*** Block opens ***

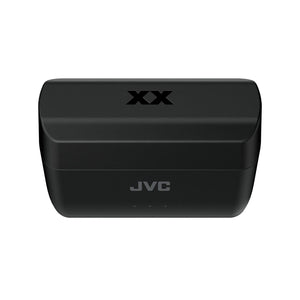 JVC - Écouteurs Intra-Auriculaires Sans-Fil XX, Basses Extrêmement Profondes, Boitier de Recharge - Simple Boutique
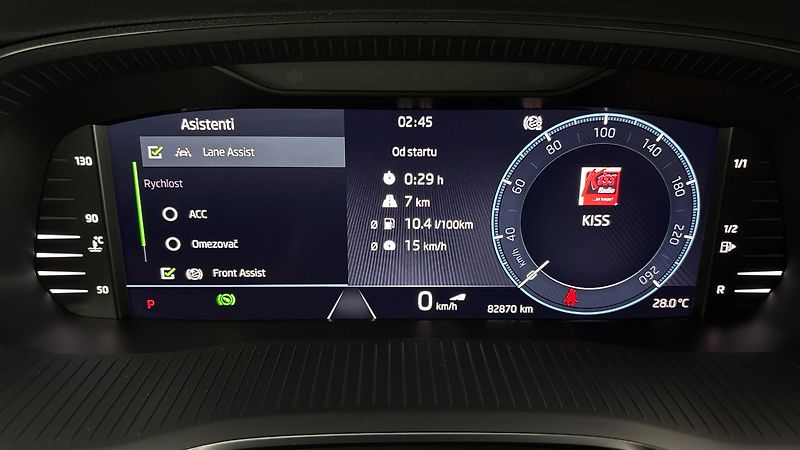 Škoda Octavia 2.0 TDI DSG Style - fotka 10 z 29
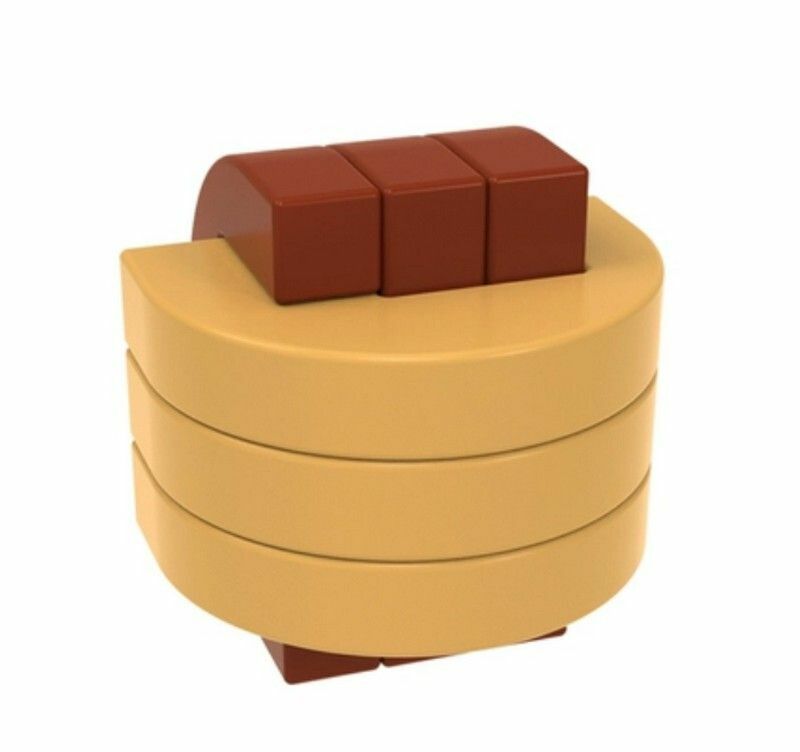 Hot Selling Educational Toys/Kongming Lock Luban Lock Series-Interlocking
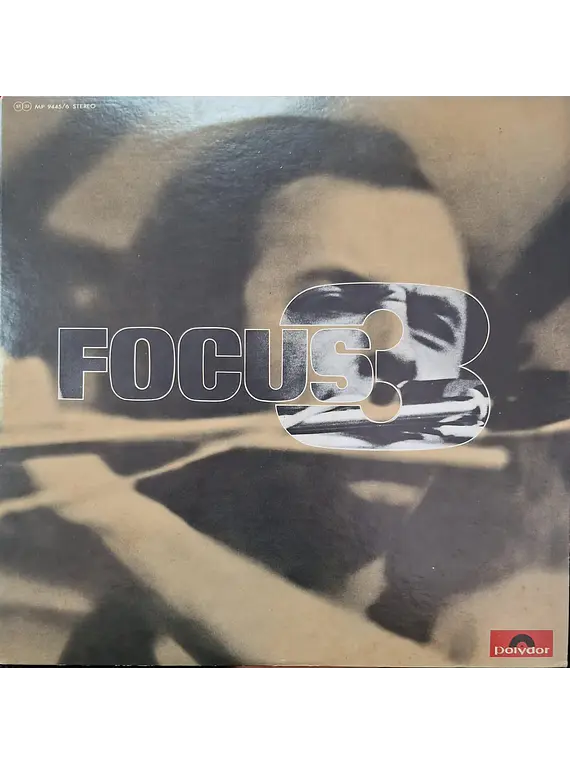 Focus  – Focus 3 (Ed. Japón)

*** Block closes ***

• _WHAT IS BEING ASKED_: All of the listing above has to be reproduced exactly, though without its images.

• _EXERCISE RESPONSE_:
 JVC - Écouteurs Intra-Auriculaires Sans-Fil XX, Basses Extrêmement Profondes, Boitier de Recharge - Simple Boutique
 Škoda Octavia 2.0 TDI DSG Style - fotka 10 z 29
 Hot Selling Educational Toys/Kongming Lock Luban Lock Series-Interlocking
 Focus  – Focus 3 (Ed. Japón)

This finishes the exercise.